We're talking about inheritances. Unfortunately, by the time most people think about how to protect their inheritance in the event of a divorce, it's often too late.
If you want to make certain that an inheritance you receive remains yours and yours alone in the event of a divorce, there are two keys to doing it:
Documentation helps establish the fact that the inheritance was meant for you alone and not jointly gifted to you and your spouse. For example, it may be fairly easy to convince a court that your great aunt left her diamond engagement ring to you and not to you and your husband equally. On the other hand, if your grandmother left you a waterfront vacation home, it would help to have a copy of the will where it specifies whether or not the gift is to you or you and your spouse.
Separation is the other big key to keeping your inheritance yours alone. The biggest mistake that people make is throwing their monetary inheritance into an existing joint savings account with their spouse. Usually it's done by someone who has no inkling that they're headed for divorce court -- otherwise they'd likely be more cautious.

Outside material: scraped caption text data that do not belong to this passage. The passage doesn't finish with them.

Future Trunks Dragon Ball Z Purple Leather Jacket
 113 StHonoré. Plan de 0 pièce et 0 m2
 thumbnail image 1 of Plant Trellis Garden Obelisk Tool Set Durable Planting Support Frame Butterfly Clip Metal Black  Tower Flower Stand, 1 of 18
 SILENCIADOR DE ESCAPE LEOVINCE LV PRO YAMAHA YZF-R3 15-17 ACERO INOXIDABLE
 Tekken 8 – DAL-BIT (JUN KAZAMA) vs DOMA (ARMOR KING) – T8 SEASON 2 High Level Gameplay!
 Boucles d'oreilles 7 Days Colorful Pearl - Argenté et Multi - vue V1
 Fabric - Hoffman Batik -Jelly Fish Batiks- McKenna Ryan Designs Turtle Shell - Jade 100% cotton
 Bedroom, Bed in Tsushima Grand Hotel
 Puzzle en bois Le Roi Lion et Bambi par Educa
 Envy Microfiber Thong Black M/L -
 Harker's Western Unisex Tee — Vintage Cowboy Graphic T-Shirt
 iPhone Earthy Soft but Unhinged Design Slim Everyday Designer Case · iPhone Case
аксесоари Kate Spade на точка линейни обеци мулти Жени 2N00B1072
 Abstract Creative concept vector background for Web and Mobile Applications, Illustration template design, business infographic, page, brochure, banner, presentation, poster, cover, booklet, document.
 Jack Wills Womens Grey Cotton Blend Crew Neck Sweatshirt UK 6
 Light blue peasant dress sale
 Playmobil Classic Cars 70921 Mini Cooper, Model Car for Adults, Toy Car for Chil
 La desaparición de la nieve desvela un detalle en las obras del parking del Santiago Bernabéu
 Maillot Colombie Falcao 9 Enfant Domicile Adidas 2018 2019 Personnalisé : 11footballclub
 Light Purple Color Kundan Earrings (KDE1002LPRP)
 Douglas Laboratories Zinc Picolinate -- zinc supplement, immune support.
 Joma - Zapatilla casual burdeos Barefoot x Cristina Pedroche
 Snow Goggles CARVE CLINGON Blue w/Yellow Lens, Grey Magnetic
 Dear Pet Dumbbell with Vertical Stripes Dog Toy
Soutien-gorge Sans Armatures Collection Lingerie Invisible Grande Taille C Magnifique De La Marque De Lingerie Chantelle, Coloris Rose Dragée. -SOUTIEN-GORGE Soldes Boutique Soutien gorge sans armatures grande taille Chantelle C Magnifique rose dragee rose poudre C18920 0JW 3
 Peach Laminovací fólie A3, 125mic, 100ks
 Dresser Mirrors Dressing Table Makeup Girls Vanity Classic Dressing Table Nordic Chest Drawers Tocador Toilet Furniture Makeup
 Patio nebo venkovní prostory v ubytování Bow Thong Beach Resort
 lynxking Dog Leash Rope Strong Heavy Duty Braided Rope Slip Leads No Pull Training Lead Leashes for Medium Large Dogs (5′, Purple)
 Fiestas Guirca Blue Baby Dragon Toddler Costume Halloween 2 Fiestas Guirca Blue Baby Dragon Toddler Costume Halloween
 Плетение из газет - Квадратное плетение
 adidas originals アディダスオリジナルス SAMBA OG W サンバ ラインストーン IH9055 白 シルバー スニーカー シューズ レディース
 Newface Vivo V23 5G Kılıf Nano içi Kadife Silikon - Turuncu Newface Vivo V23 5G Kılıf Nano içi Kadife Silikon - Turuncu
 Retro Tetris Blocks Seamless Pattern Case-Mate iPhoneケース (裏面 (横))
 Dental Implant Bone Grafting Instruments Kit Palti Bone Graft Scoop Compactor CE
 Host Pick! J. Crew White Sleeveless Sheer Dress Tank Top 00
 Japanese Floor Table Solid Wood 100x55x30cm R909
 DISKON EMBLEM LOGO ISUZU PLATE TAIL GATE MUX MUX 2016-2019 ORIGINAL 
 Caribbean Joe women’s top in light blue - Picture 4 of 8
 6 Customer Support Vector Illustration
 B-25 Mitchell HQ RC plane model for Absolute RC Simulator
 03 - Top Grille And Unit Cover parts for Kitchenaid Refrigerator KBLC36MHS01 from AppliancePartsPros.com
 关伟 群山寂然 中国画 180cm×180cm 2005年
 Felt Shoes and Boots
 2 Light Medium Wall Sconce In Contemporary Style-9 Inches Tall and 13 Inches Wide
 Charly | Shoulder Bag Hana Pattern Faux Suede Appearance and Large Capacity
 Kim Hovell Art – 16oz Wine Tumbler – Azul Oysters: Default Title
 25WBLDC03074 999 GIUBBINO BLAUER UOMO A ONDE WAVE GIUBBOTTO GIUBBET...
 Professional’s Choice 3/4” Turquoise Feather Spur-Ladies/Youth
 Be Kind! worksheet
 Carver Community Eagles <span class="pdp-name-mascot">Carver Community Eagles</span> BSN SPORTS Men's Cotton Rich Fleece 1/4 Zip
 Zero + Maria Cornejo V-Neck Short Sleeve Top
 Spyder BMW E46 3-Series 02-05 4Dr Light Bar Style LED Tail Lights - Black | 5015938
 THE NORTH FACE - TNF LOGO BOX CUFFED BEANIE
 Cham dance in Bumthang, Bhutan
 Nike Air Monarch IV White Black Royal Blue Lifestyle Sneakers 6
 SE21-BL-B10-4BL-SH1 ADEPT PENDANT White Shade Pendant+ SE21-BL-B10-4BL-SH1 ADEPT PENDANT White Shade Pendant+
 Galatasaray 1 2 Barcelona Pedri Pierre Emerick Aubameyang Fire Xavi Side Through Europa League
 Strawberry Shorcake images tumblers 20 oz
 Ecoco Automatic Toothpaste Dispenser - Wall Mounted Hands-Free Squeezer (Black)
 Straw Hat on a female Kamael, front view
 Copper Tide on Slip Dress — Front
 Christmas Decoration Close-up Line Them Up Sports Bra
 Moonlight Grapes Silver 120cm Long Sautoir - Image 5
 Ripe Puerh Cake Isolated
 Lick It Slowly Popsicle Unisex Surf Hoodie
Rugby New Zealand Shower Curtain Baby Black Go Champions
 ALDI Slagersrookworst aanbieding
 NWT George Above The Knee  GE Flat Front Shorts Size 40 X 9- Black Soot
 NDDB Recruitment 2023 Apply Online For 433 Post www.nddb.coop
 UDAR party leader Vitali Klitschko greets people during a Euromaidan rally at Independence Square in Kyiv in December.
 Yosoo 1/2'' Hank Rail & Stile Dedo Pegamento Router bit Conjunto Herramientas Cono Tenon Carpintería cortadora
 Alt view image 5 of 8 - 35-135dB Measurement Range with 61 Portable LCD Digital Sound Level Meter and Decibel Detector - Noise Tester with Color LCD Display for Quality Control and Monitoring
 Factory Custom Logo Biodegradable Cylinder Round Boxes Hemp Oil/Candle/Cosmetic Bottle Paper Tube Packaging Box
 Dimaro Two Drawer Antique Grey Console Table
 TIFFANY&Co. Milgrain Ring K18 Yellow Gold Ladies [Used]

Unfortunately, once that inheritance money is mingled with other money, the court assumes that all the money is marital property -- even if the bank account only had a dollar in it prior to your big deposit. In addition, the act of putting someone else's name on the money means that you just conferred half ownership to that person.
Similarly, the best way to protect real estate that you inherit is to keep it in your name only. In addition, make sure that you clearly document who paid for any upkeep, repairs or taxes on the property, so that your spouse doesn't gain a claim by having his or her funds used for the property's maintenance.